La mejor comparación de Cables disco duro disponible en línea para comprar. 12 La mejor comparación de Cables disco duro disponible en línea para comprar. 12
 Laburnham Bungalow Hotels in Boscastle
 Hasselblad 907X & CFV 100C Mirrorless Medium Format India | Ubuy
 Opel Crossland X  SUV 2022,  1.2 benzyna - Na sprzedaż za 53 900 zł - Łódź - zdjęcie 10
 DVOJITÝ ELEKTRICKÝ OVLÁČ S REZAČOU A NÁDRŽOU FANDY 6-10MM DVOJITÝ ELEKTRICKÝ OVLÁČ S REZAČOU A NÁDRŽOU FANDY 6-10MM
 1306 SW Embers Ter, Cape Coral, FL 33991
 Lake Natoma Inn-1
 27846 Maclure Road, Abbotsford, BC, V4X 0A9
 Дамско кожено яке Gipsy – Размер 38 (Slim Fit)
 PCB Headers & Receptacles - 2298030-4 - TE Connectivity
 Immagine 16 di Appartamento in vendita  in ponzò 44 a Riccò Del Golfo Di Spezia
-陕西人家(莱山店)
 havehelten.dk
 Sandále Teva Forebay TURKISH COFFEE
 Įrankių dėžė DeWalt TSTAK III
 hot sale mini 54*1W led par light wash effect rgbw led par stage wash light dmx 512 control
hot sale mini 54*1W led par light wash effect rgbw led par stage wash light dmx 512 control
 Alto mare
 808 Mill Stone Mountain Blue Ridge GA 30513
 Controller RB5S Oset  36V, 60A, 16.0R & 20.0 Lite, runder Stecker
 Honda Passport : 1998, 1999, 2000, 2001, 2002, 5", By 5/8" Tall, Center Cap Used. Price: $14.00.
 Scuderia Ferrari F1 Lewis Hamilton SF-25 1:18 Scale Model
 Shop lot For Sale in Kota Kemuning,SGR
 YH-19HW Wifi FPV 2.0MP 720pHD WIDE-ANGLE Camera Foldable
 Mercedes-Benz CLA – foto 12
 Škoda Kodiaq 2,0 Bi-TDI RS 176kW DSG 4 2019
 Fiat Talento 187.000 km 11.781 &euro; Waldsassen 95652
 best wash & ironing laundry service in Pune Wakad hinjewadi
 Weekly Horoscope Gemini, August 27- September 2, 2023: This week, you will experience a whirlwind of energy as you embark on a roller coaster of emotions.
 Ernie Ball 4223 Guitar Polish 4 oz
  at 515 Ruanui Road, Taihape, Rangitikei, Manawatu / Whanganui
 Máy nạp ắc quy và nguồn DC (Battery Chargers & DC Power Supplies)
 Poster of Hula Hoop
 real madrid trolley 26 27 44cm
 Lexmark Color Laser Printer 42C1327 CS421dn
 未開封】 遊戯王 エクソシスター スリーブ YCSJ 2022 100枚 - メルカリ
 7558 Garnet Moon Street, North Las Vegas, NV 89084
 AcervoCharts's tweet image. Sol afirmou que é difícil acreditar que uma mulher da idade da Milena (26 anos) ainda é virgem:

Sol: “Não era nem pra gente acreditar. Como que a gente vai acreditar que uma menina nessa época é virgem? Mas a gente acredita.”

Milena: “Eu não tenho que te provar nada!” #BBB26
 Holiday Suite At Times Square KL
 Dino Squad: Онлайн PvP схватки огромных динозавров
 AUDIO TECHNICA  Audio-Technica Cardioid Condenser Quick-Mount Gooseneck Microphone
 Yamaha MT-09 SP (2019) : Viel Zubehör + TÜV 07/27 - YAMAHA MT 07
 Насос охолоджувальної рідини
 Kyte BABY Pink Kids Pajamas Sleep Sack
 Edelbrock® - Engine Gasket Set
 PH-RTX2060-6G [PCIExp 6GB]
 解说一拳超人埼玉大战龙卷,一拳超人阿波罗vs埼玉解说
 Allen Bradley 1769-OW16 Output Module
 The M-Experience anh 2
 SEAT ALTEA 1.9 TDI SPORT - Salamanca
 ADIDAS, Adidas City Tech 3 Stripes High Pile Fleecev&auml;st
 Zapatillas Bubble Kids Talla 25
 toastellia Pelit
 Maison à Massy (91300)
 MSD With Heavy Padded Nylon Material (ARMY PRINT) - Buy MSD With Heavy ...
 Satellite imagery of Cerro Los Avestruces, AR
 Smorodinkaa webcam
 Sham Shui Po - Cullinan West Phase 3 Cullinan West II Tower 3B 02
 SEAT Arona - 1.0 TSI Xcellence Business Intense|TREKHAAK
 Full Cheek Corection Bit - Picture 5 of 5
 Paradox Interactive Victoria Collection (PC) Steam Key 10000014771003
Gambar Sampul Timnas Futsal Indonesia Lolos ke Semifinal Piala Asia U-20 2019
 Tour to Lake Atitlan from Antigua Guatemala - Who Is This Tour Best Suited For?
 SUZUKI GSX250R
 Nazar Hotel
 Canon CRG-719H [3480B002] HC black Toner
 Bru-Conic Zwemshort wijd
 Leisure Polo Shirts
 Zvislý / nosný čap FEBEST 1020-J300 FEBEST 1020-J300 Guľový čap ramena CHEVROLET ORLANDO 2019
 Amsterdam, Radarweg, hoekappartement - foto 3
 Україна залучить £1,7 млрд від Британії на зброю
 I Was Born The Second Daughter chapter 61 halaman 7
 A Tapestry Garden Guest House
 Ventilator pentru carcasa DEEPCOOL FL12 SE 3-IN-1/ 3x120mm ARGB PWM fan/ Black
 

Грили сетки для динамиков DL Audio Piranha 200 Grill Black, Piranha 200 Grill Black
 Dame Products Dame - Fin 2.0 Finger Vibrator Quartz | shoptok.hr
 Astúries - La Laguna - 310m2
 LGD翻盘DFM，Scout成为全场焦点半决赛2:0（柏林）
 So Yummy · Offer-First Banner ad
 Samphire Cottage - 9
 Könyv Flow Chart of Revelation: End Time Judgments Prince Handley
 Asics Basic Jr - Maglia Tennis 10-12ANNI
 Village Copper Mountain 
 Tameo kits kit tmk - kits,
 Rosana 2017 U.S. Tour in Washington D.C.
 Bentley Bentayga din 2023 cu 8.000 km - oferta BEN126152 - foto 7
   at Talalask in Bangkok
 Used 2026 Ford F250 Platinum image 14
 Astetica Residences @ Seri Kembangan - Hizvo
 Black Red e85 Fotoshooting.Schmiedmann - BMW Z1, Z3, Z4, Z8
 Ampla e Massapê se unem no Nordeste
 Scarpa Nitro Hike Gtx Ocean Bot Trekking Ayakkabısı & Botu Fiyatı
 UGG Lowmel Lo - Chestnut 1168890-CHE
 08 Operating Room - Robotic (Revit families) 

» **About this exercise**: Go through the records above, find each line with the string "Tour", and copy it.

» **Solution for this task**:
 Tour to Lake Atitlan from Antigua Guatemala - Who Is This Tour Best Suited For?
 Rosana 2017 U.S. Tour in Washington D.C.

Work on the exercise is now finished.